2. Biaya Mandiri Tidak Pernah Disampaikan di Awal

Pihak PS Rajawali juga membantah klaim bahwa seluruh atlet dan ofisial telah menyetujui keberangkatan secara mandiri. Menurutnya, informasi tersebut tidak pernah disampaikan oleh Ketua APPSBI Sumut sejak awal.

“Kalau sejak awal disampaikan bahwa keberangkatan harus dengan dana pribadi, tentu kami tidak akan sanggupi. Bahkan kami sempat menyampaikan kepada KORMI Sergai bahwa kontingen silat Sergai batal berangkat. Namun, menjelang penutupan pendaftaran, Ketua APPSBI Sumut justru mendaftarkan kami sendiri dengan rekomendasi dari beliau,” tambahnya.
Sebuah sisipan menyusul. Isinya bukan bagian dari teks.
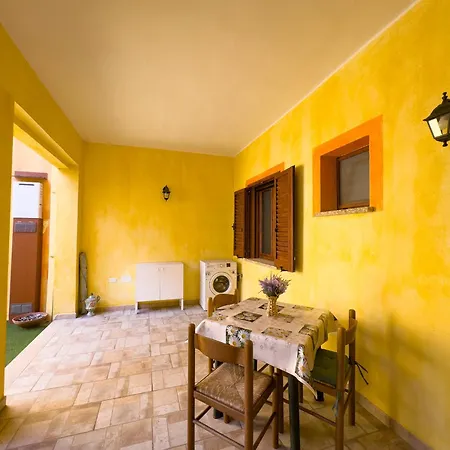 Domu Teresa * וילסימיוס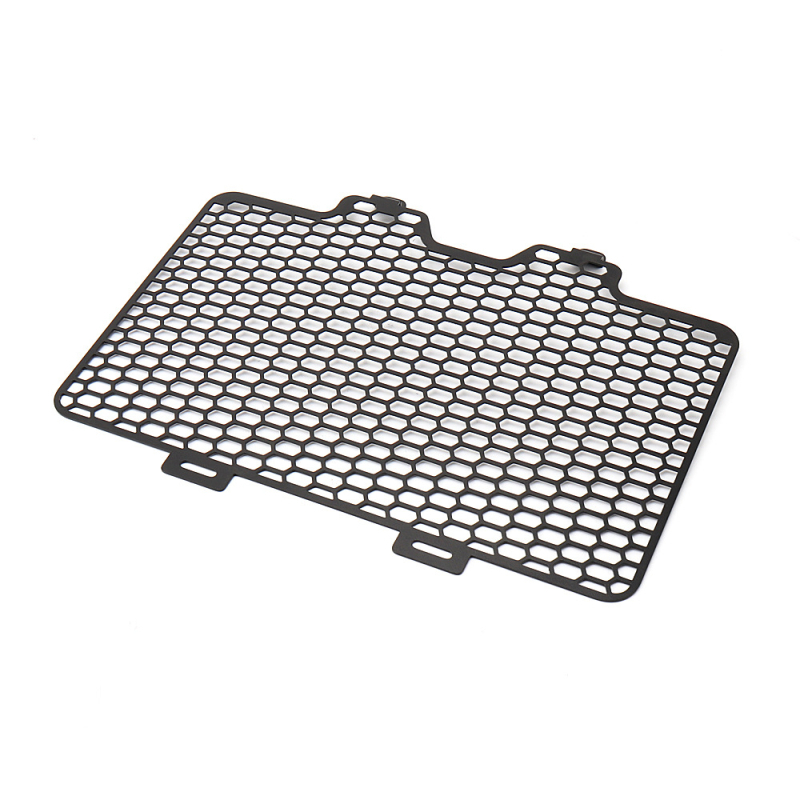 Zaštitna rešetka hladnjaka za CFMOTO 450SR (Spring Breeze) – otilli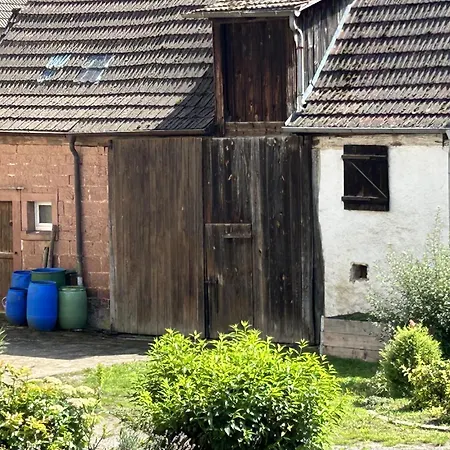 Fewoimdorf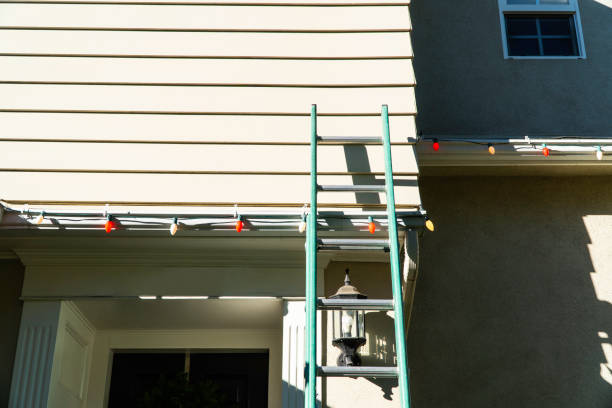 Best Property Management Cleanouts  in Lake Park, IA
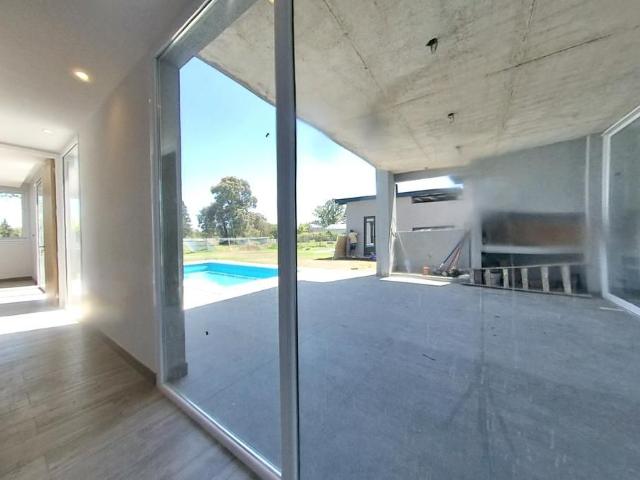 Casa EN VENTA en Inmomap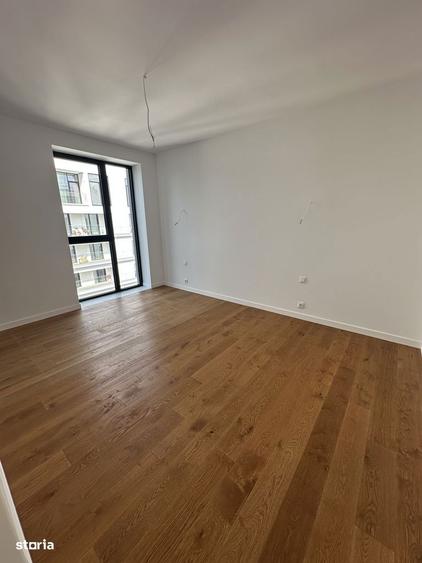 VANZARE APARTAMENT DE 3 CAMERE - ONE COTROCENI PARK - 8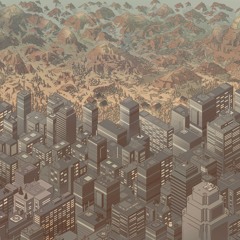 몸이 멀어지면 마음도 멀어진다 (Out Of Sight, Out Of Mind)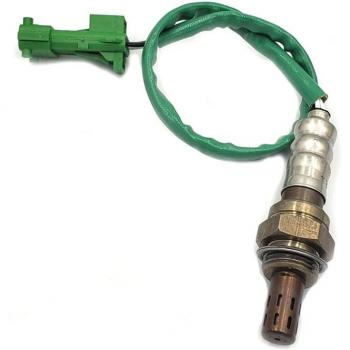 Sensor de Oxígeno para PEUGEOT BIPPER socio 1.1, 1.4, 1.6 16V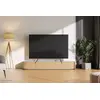 TV desk stand DS45-430BL19 Photo 13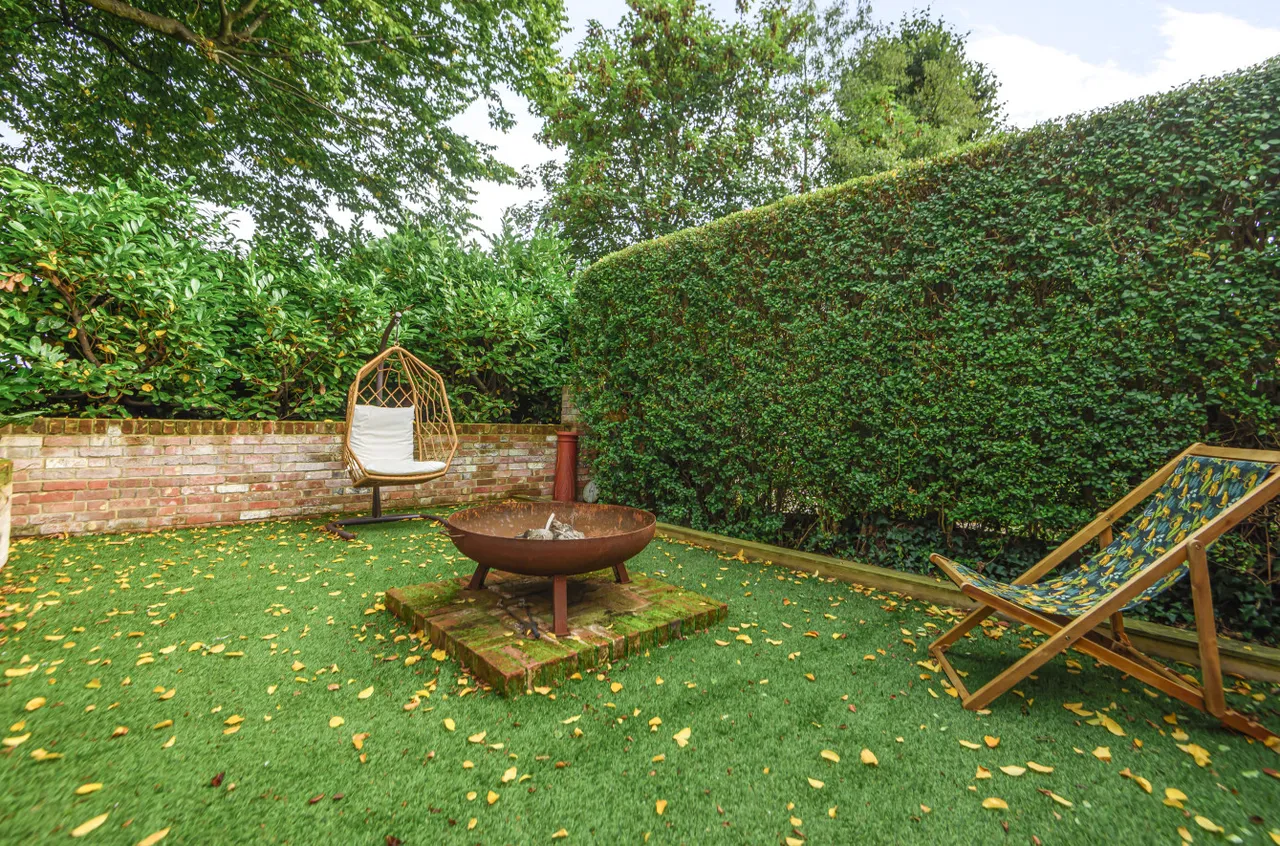 Heatherdeane Road, Highfield, SO17, photo 8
3. Tiket Keberangkatan Terlambat Dipesan

Terkait kesulitan memperoleh tiket pesawat, Ketua PS Rajawali menilai hal itu terjadi karena pemesanan dilakukan terlalu dekat dengan hari keberangkatan.
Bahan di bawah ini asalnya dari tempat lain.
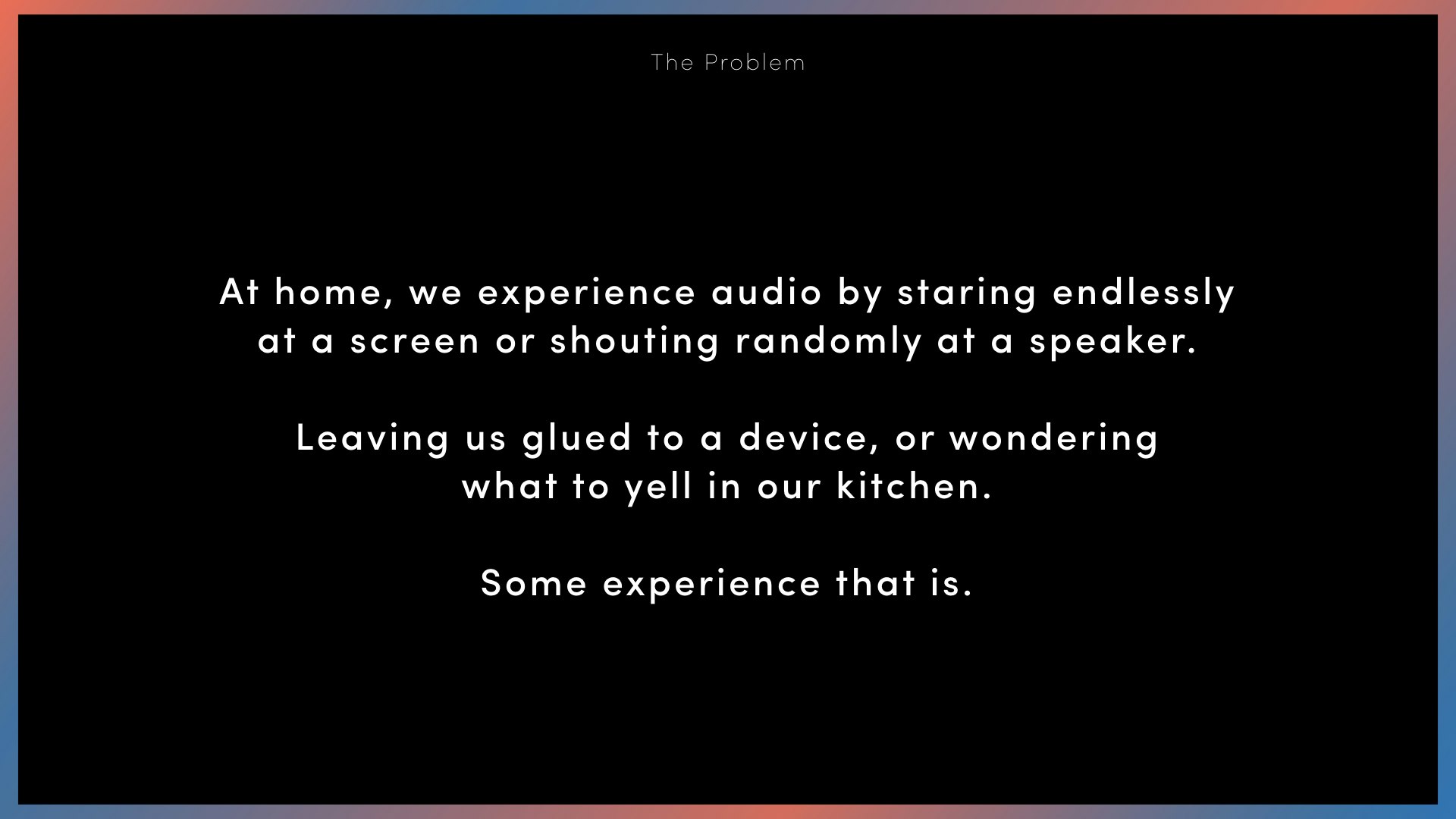 Objeks gallery image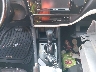 JTNKARJE4GJ****** Salvamento 2016 Scion iM en Estado de California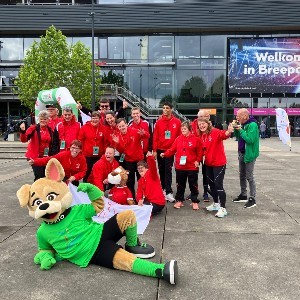VB-Groep AAV'36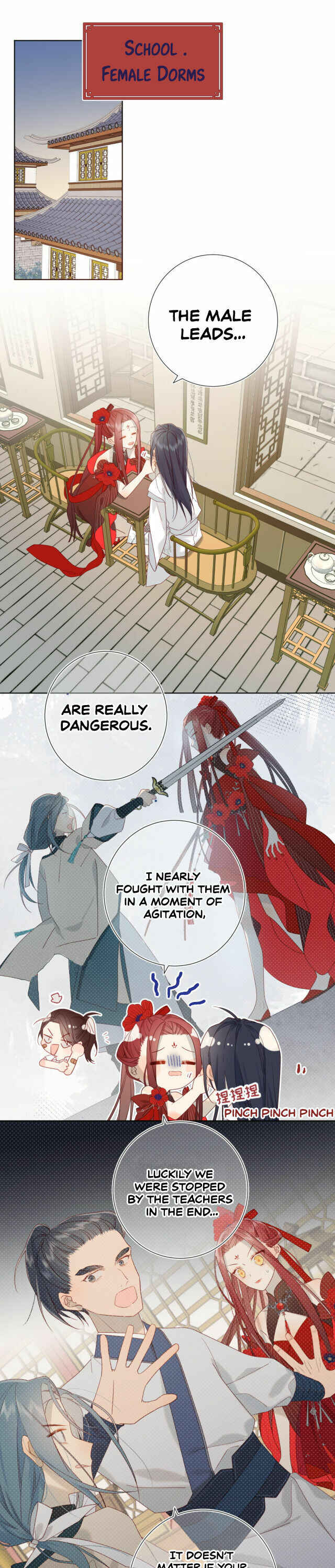 Chapter 7 - Page 1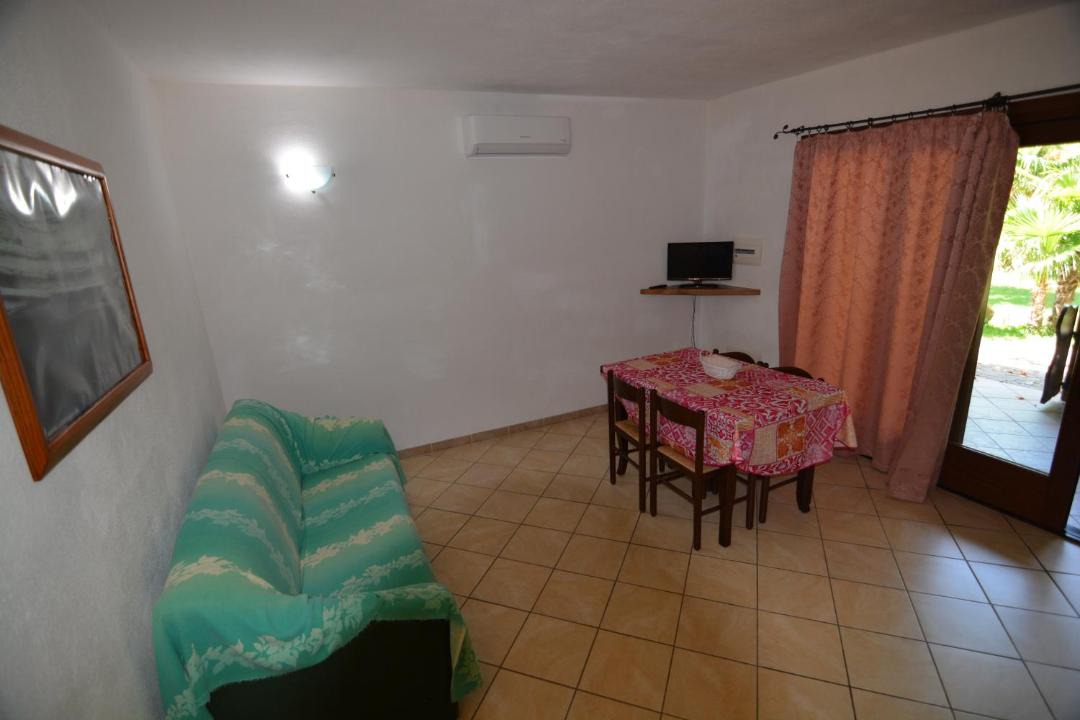 Photo of Others in Tanaunella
“Ketua APPSBI Sumut seolah ingin membersihkan namanya dengan mengatakan kami diingatkan berkali-kali. Tapi bagaimana mungkin kami membeli tiket dengan uang sendiri dalam kondisi ekonomi seperti ini? Ketua sendiri tahu kondisi kami,” tegasnya.

4. Hanya Ketua yang Berangkat, Kontingen Ditinggalkan

Meski telah didaftarkan secara resmi dan dijanjikan akan diberangkatkan, pada kenyataannya hanya Ketua APPSBI Sumut yang berangkat ke NTB. Para atlet dan ofisial lainnya tidak diberangkatkan dan merasa ditinggalkan tanpa penjelasan.

5. Penggunaan Dana Pribadi Tidak Pernah Diketahui

Terkait pernyataan bahwa keberangkatan Ketua menggunakan dana pribadi, Ketua PS Rajawali mengaku tidak mengetahui perihal penggunaan dana organisasi karena tidak pernah ada transparansi dari pihak APPSBI Sumut.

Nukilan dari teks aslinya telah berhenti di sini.